SAIBA MAIS SOBRE O PROCESSO DE ADOÇÃO
CRIANÇA
> Quando a criança chega ao abrigo, é feito trabalho para manter os vínculos familiares. Quando as possibilidades de voltar à família se esgotam, o abrigo comunica ao Juizado, que faz a revisão e tenta recuperar o vínculo familiar.
> Se ainda assim, não foi possível devolver a criança, o caso é encaminhado ao Ministério Público, que entra com ação de destituição do poder familiar. Os pais biológicos são citados e têm o direito de se defender. Só depois, a criança é disponibilizada para adoção.
ADOTANTE
> Os interessados em adotar devem procurar o Juizado da Infância e da Juventude. Lá, realizam o cadastro, onde é definido o perfil da criança.
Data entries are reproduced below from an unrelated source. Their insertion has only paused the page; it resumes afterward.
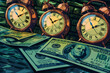 Time is money concept, an illustration of clocks and money bills 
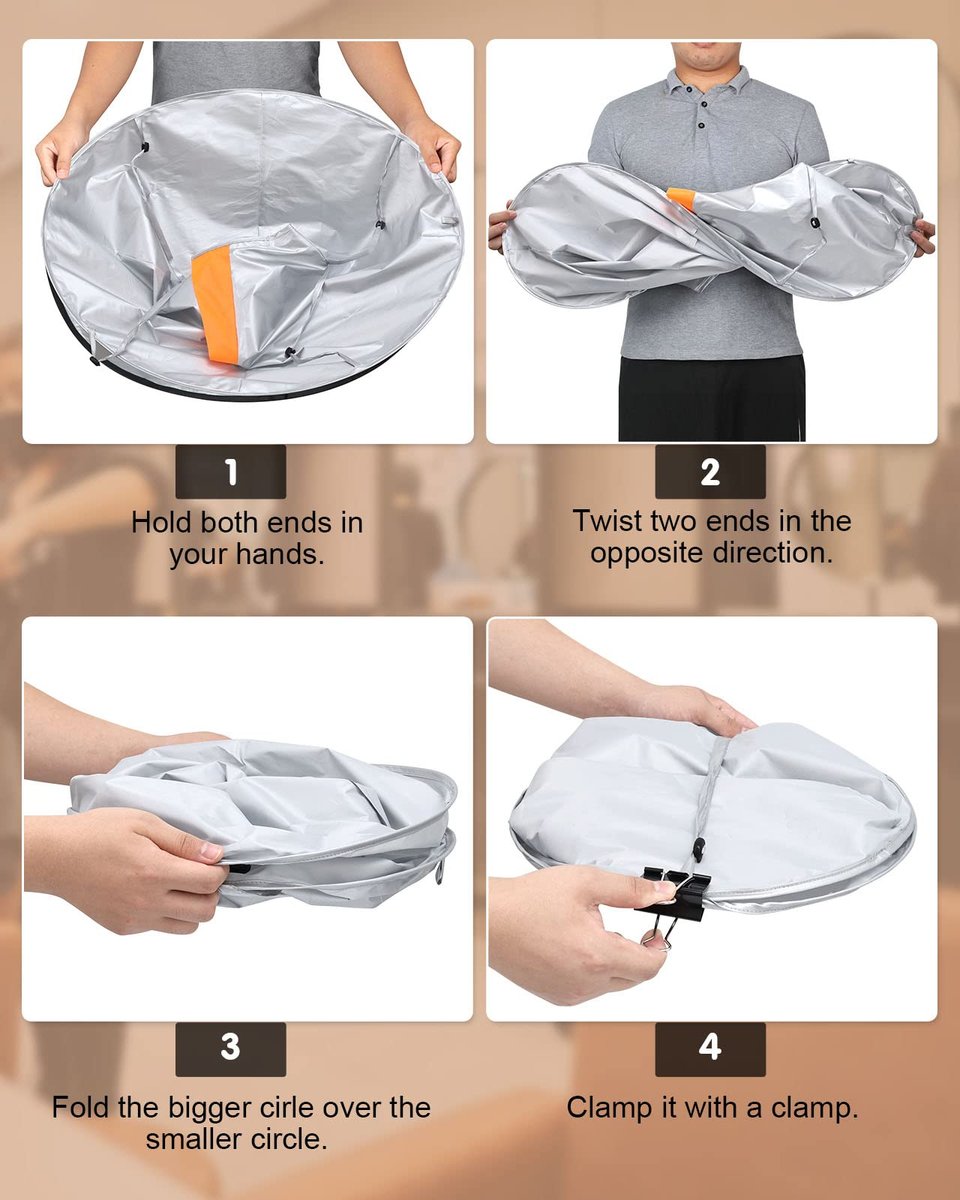 Lictin Hair Cutting Cape - Waterproof Umbrella Hairdressing Cape with Comb, Foldable Barber Cape Apron, 26in Diameter, Silver and Orange Avelisse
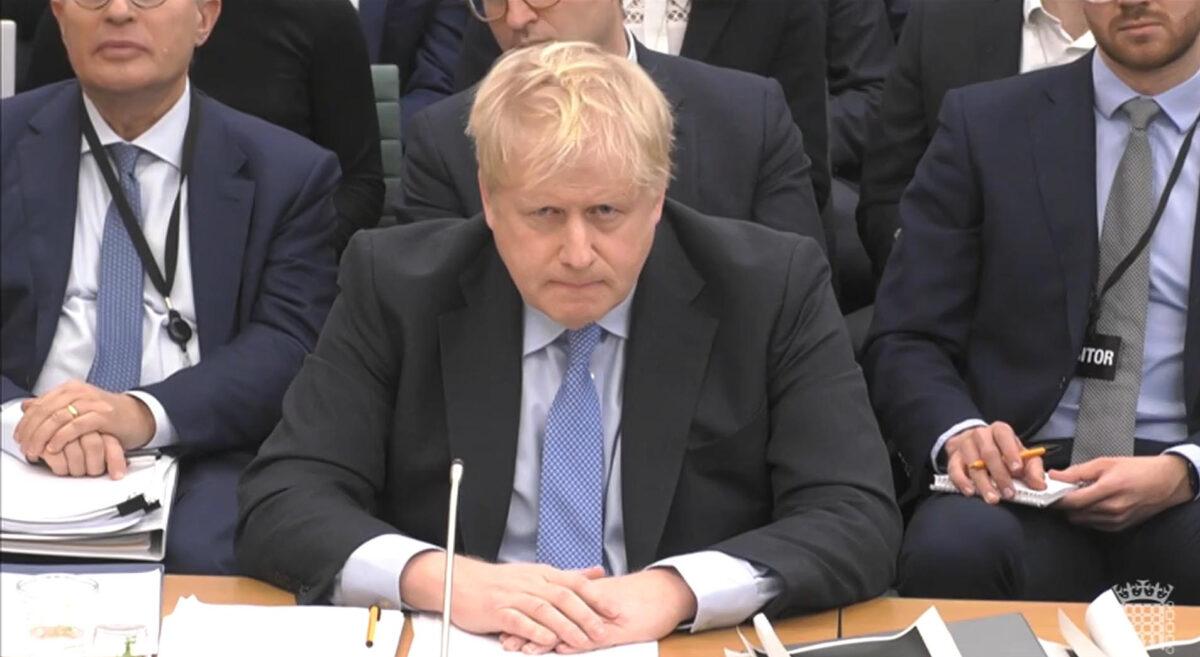 Boris Johnson giving evidence to the Privileges Committee at the House of Commons, London, on March 22, 2023. (House of Commons/UK Parliament via PA Media)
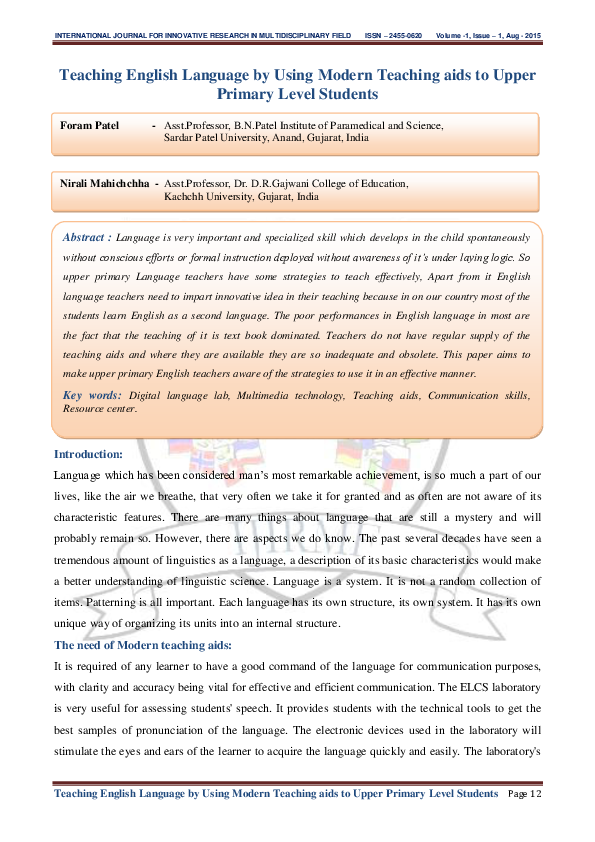 (PDF) Teaching English Language by Using Modern Teaching aids to Upper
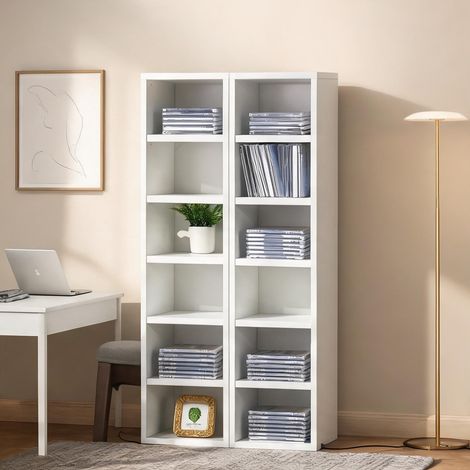 Tour de rangement moderne avec porte 12 compartiments blanc (1/5)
Quando ela aparece, a nova família é notificada.
> Em seguida, vem o estágio de convivência. Quando se sentir seguro, o adotante pede a guarda e leva a criança. A guarda provisória é deferida imediatamente. O interessado em adotar não pode se cadastrar querendo a criança “X“. O Juizado disponibiliza a criança. O interessado diz se aceita ou não.
MUDANÇAS
GESTANTES
> O que diz a lei?
As gestantes ou mães interessadas em entregar seus filhos à adoção têm direito à assistência psicológica durante o período pré e pós-natal. Além disso, elas devem ser obrigatoriamente encaminhadas à Justiça.
> O que muda?
Esta prática é fundamental para evitar que mães desesperadas deixem essas crianças em locais inadequados, colocando em risco a própria vida e a dos recém-nascidos. É uma decisão difícil de ser tomada e, nesse momento, o que a genitora precisa é de acolhimento e orientação. Além disso, o encaminhamento da mãe ao juizado – procedimento que passa a ser obrigatório – ajuda a evitar aproximações indevidas com pessoas interessadas em adotar. Assim, vai ser possível privilegiar pessoas que já estão na fila de espera para adoção.
CRIANÇAS ABRIGADAS
> O que diz a lei?
Toda criança ou adolescente que estiver em abrigo terá sua situação reavaliada, no máximo, a cada seis meses, para que o juiz possa decidir sobre a possibilidade de reintegração familiar ou disponibilização para adoção, com base em relatório elaborado por equipe interprofissional ou multidisciplinar. A permanência da criança e do adolescente em abrigo não se prolongará por mais de dois anos.
> O que significa?
Antes, não havia um mecanismo de controle periódico. Era fundamentada apenas a entrada no abrigo e a saída. Com a nova regra, a situação da criança ou adolescente deverá ser avaliada permanentemente. Antes, não havia tempo máximo para criança permanecer no abrigo, o que resultava em demora para a solução de algumas situações. A fixação de um tempo máximo – e a obrigatoriedade de justificar quando o prazo for superado – fará com que o direito de viver em uma família, biológica ou substituta, seja privilegiado.
CANDIDATOS A ADOÇÃO
> O que diz a lei?
Para adoção conjunta, os adotantes devem ser casados civilmente ou manter união estável, comprovada a estabilidade da família. Além disso, a habilitação de pessoas estrangeiras ou pessoas que moram fora do País que têm interesse em adotar terá validade máxima de um ano, podendo ser renovada.
> O que significa?
Casais homoafetivos ainda não foram contemplados pela nova lei. A Constituição reconhece como união estável só aquela constituída por homem e mulher. No entanto, existem decisões judiciais que superam esse entendimento e deferem sim adoções a pessoas em união homoafetiva. Além disso, após serem considerados aptos pela Justiça de seu país e do Brasil, os estrangeiros só têm um ano para efetivar a adoção.